Com alguns minutos de atraso, Gil começou o show por volta de 20:40h, com a música “Palco”, como quem já anuncia que está no centro da história. Na sequência, “Tempo Rei” soou como uma reverência ao tempo vivido, ao tempo que resta, e ao tempo que a música eterniza. Gil fez jus ao título da turnê e entregou um repertório que costura décadas de trajetória com sutileza e força.
Os arranjos ganharam corpo com a presença familiar que o acompanha: filhos, netos, músicos que compartilham não só sangue, mas uma sintonia rara e ancestral. A troca entre eles no palco é milenar, como se cada nota fosse herdada e reimaginada ao mesmo tempo.


Foi então que o tempo nos puxou de volta para os anos 60. “Domingo no Parque” trouxe imagens da Tropicália nos telões, Gil mais uma vez nos lembrando que foi um dos pilares desse movimento que moldou a música brasileira. A canção, que integrou seu primeiro disco e também o antológico Tropicália ou Panis et Circencis, serviu de ponte para “Cálice”, feita em parceria com Chico Buarque. Antes dos primeiros versos, o telão exibiu um depoimento de Chico, lembrando como nasceu a amizade e a aliança musical de mais de 50 anos. Cálice, com sua potência simbólica, voltou a silenciar a censura, agora pelos aplausos fortes do público.
Na sequência, “Back in Bahia”, “Refazenda” e “Refavela” reafirmaram a habilidade única de Gil em unir raízes e modernidade. A plateia acompanhava cada acorde com emoção, dançando, cantando e sorrindo. Um show de quase duas horas e meia que mais parecia uma aula-viva sobre o poder da música de atravessar o tempo e nos manter de pé. O momento de “Realce”, coroado com um chuvisco de fogos, deu ainda mais brilho à celebração.
Em seguida, Gil desligou a guitarra elétrica e entrou num instante mais íntimo. Só voz e violão.

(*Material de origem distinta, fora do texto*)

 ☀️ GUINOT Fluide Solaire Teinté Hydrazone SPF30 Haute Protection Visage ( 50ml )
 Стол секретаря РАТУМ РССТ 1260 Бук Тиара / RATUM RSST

Vieram então “Drão”, “Estrela” e “Esotérico”, esta última, uma das composições mais cultuadas de seu repertório, imortalizada por nomes como Gal Costa e Caetano Veloso. O silêncio respeitoso da plateia nesse trecho foi tão poderoso quanto os aplausos.


Mas logo o artista oltou à guitarra e retomou a energia com “Expresso 2222” e “Andar com Fé”. E aí, o momento mais inesperado da noite: Anitta subiu ao palco. Juntos, cantaram “Funk-se quem puder” e Aquele Abraço. Um encontro simbólico entre gerações — o ícone da MPB e a força pop contemporânea dividindo o palco, provando que a música de Gil ultrapassa estilos e idades.


Para o bis, Esperando na Janela, em versão cheia de axé e calor, antecedeu o fechamento apoteótico com Toda Menina Baiana. Papel picado no ar, todo mundo pulando e cantando junto. Era impossível não sorrir.

Gilberto Gil se despede, mas deixa um legado que não se apaga. E na Farmasi Arena, ontem, ele fez questão de lembrar: o tempo pode passar, mas o rei continua em cena.